TASK OBJECTIVE:
Return nothing but the lines from the one containing "Snapshot of estrellawalters" through the end of the records below, exactly as they stand and without pictures.

Stored items:

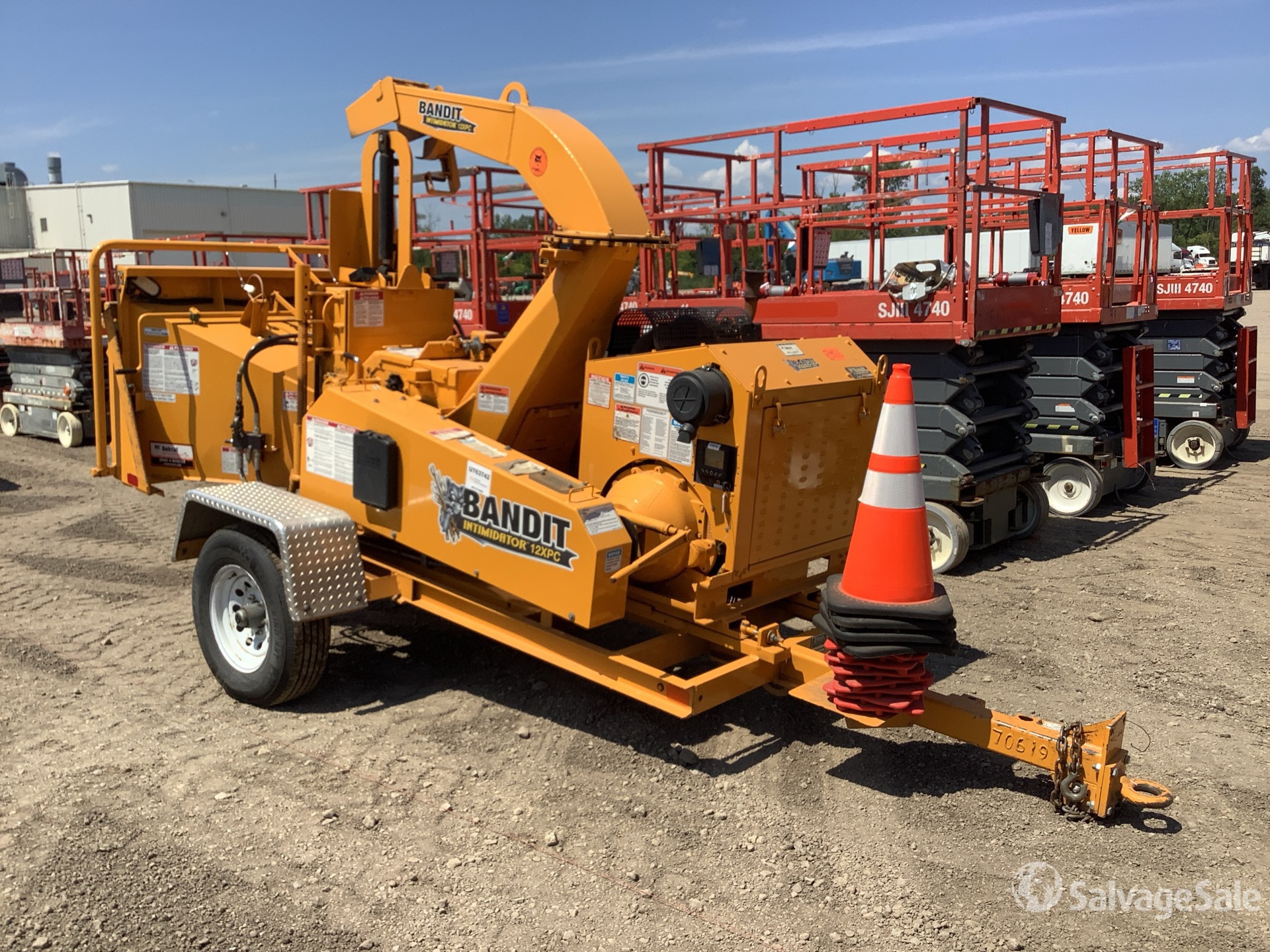 2021 Bandit Intimidator 12XPC Tow-Behind Wood Chipper (Inoperable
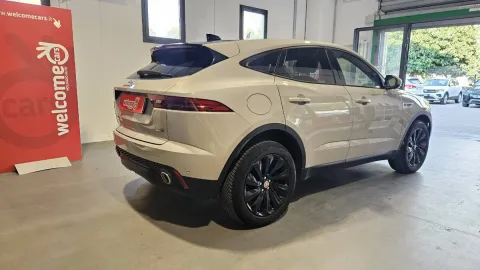 Jaguar E-Pace 2.0d i4 R-Dynamic awd 180cv auto - Immagine 5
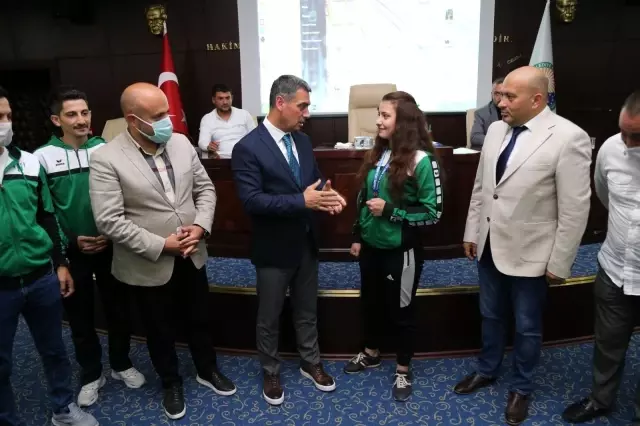Gölbaşı Belediye Spor Kulübü sporcusu İremsu İpek'e Başkan Şimşek'ten tebrik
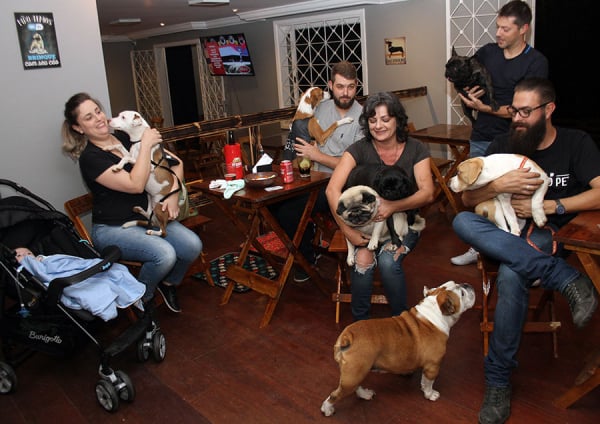 Inaugurado ontem, Boteco Pet recebeu famílias com seus animais de estimação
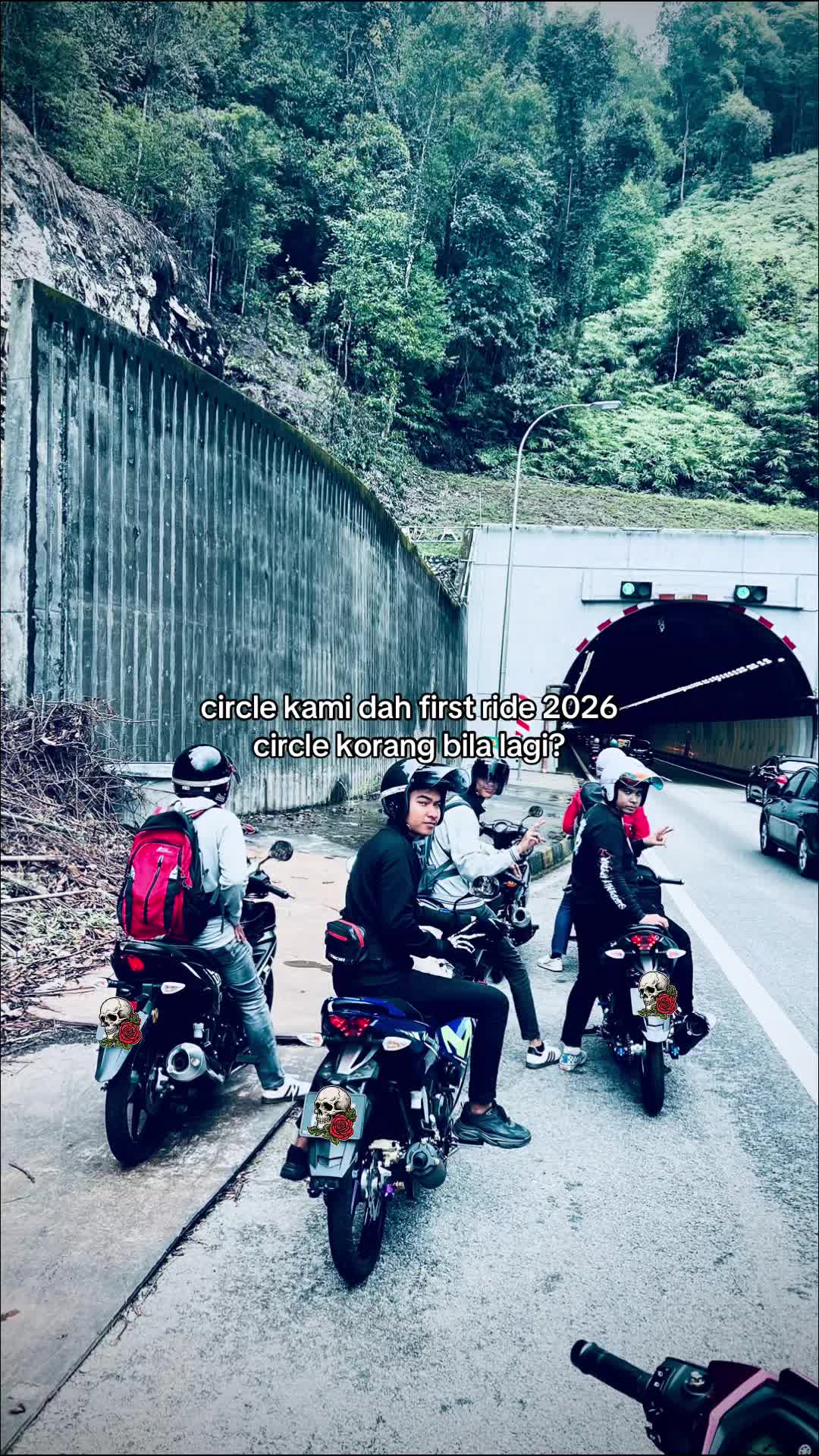 @๐๐ค๐จ๐ฉ๐ฃ๐๐ข๐๐ฅ
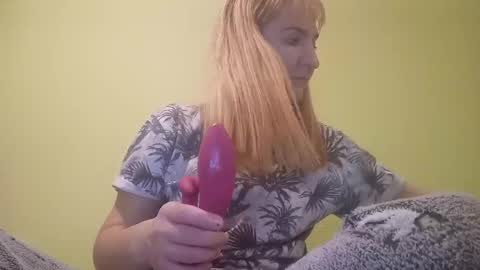 Snapshot of estrellawalters chatting on December 2024 04:51:02 PM estrellawalters online show from December 2024 04:51:02 PM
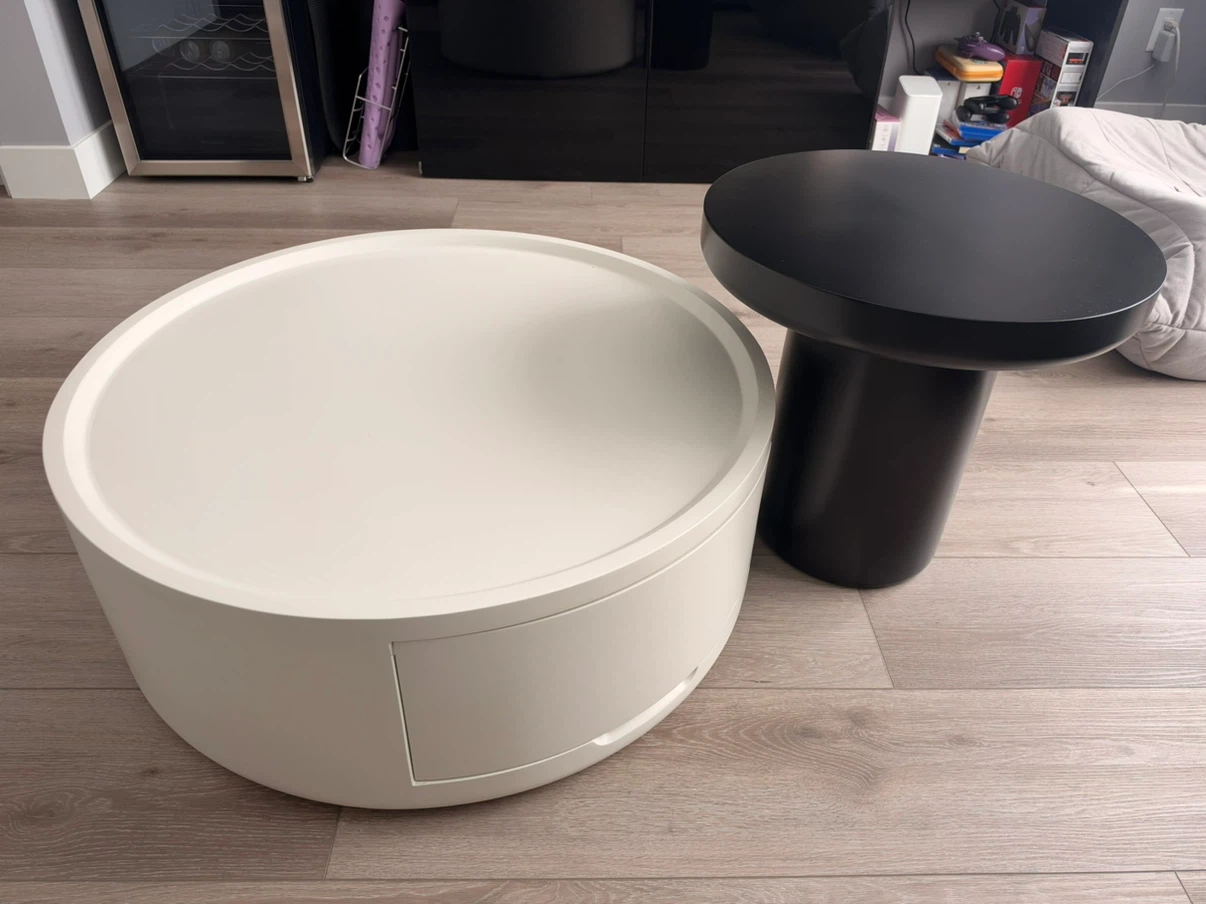 Modern Round Nesting Coffee Table Set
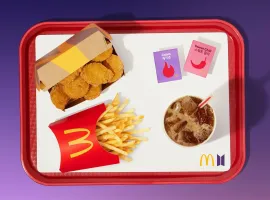 BTS и McDonald's выпустили капсульную коллекцию - изображение 1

RESPONSE BOX:
 Snapshot of estrellawalters chatting on December 2024 04:51:02 PM estrellawalters online show from December 2024 04:51:02 PM
 Modern Round Nesting Coffee Table Set
 BTS и McDonald's выпустили капсульную коллекцию - изображение 1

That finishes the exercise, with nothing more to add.